Task item →
Should the listing contain images, exclude them; give the rest again exactly.

Supplied information →
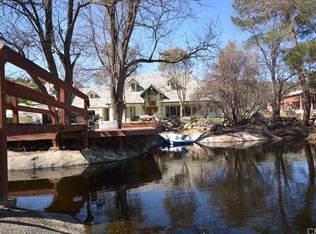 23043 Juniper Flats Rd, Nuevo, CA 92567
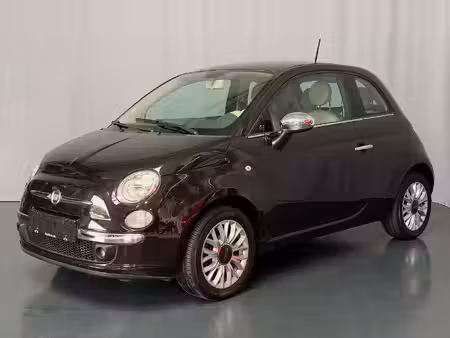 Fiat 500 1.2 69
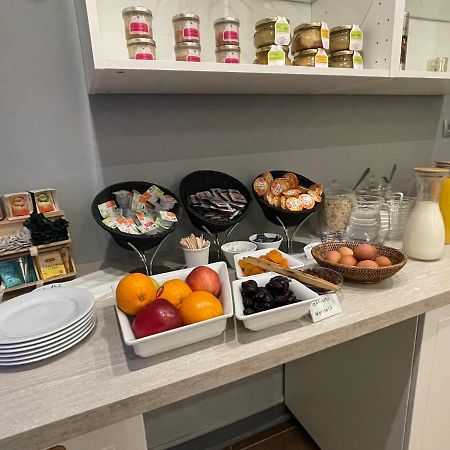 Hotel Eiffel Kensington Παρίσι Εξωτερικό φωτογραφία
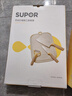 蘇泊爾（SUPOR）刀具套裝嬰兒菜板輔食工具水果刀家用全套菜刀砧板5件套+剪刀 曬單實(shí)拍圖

Solution to the exercise →
 23043 Juniper Flats Rd, Nuevo, CA 92567
 Fiat 500 1.2 69
 Hotel Eiffel Kensington Παρίσι Εξωτερικό φωτογραφία
 蘇泊爾（SUPOR）刀具套裝嬰兒菜板輔食工具水果刀家用全套菜刀砧板5件套+剪刀 曬單實(shí)拍圖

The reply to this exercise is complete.